National liberal parties exist today, for instance in Austria, where the ideology is one of the three traditional ideological strains in the country, and Romania, where it is at the base of the oldest and second-largest political party of the country.[citation needed]

Historical national liberalism[edit]

In 19th century Germany believers in national liberalism differed from liberal nationalists in that they believed in a more authoritarian presence in Europe and a strong Germanic Empire. Liberal nationalists, such as Max Weber, were looking towards a democratic Germany in cooperation with the other European powers.[1]

The term 'national liberalism' was mainly used in German-speaking countries such as Germany and Austria during the 19th century,[2][3][4] where "National-Liberal" parties were long in government. It also became very influential in nearby countries, like Romania, where German industriousness and discipline, among other things, were highly regarded.
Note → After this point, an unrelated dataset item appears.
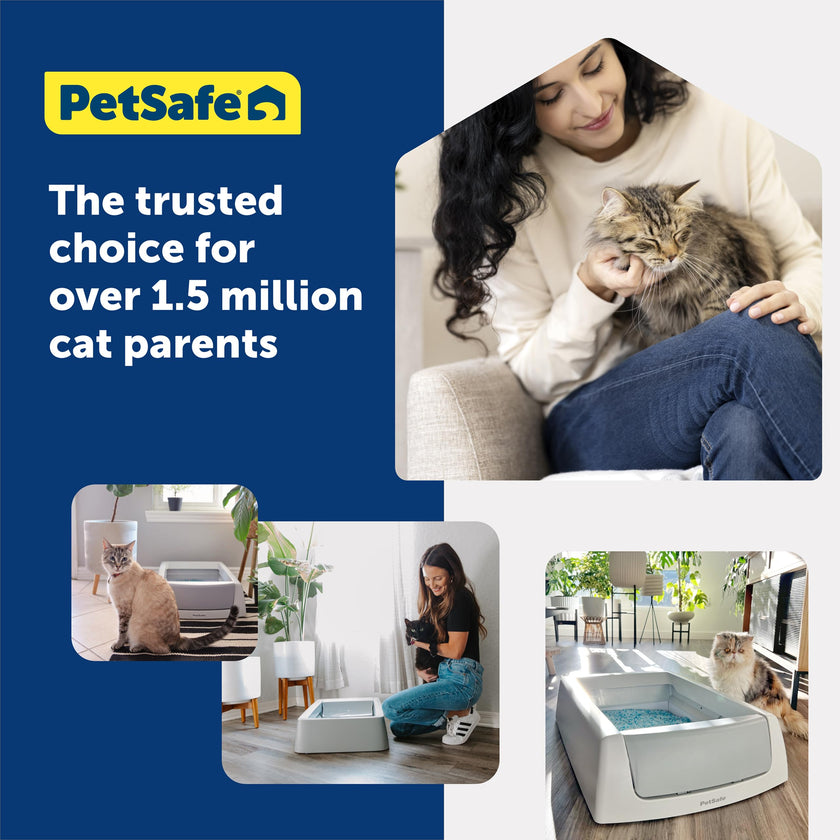PetSafe ScoopFree Crystal Litter Tray Refills Lavender Crystals, 3-Pack Disposable Tray Includes Leak Protection & Low Tracking Litter Absorbs Odors on Contact,(PAC00-16689) 🍁 All In One Marketplace Canada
Modern national liberalism[edit]

In Austria, national liberalism has remained the basis of one of the three Lager, or ideological camps, in the country. Historically, this has been represented by the Freedom Party,[5] but they have recently been joined by a splinter, the Alliance for the Future of Austria.

Germany's Free Democratic Party continues to have a national liberal faction,[6] which holds a more eurosceptic position to the rest of the party.[7]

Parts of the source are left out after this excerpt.